The special cooperative program that Knox offers with Washington University is an excellent choice for students with a strong interest in art and architecture.
The Program
Knox offers seven courses in the art department that specifically involve the study of architecture. Other art courses—such as Site-Specific Art and Interpreting Landscape, as well as a half-dozen more in the field of sculpture—develop skills that professional architects will use in their careers.
Preparation for architectural work requires a background in other fields for which Knox is highly regarded—especially mathematics, physics and history. The result is that Knox students who apply to architecture schools are very well prepared, are accepted into prestigious programs, and excel in their subsequent careers.
Courses in Preparation for Architecture
- Art 123—History of Architecture. Surveys world architecture from the Neolithic to the present.
- Art 202—Greek Art and Architecture. Greek vase-painting, sculpture, and temple architecture are surveyed.
- Art 222—Medieval Art and Architecture. Early Christian, Byzantine, Carolingian, Romanesque and Gothic art and architecture.

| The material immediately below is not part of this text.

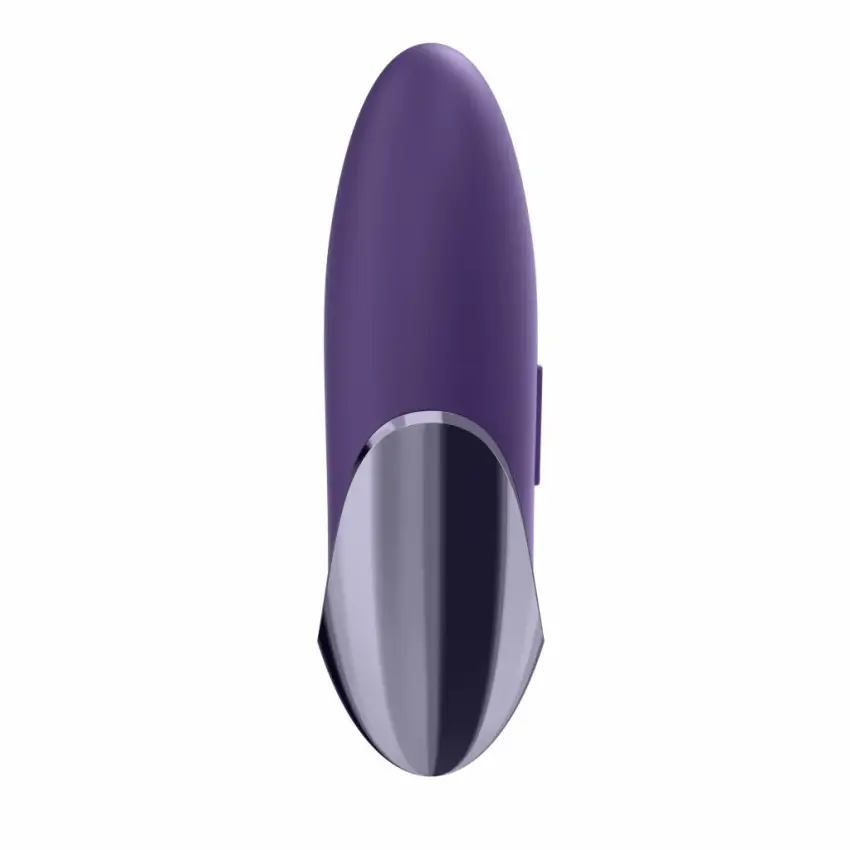 Stymulator - Satisfyer Purple Pleasure - obrazek 4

- Art 223—Renaissance Art and Architecture. European architecture, sculpture, and painting of the fifteenth and sixteenth centuries.
- Art 224—Baroque Art and Architecture. Seventeenth and eighteenth century European painting, sculpture and architecture.
- Art 225—Nineteenth Century European and American Art and Architecture. Major movements from Neoclassicism to Post-Impressionism.
- Art 226—Twentieth Century European and American Art and Architecture—European and American painting, sculpture and architecture from 1900 to present.
- Art 262—Site-Specific Art. Questions the traditional role of art by taking works outside the gallery context and placing them in a public arena.
- Art 263—Interpreting Landscape. A variety of approaches to the pictorial language of color and drawing is investigated through painting from nature.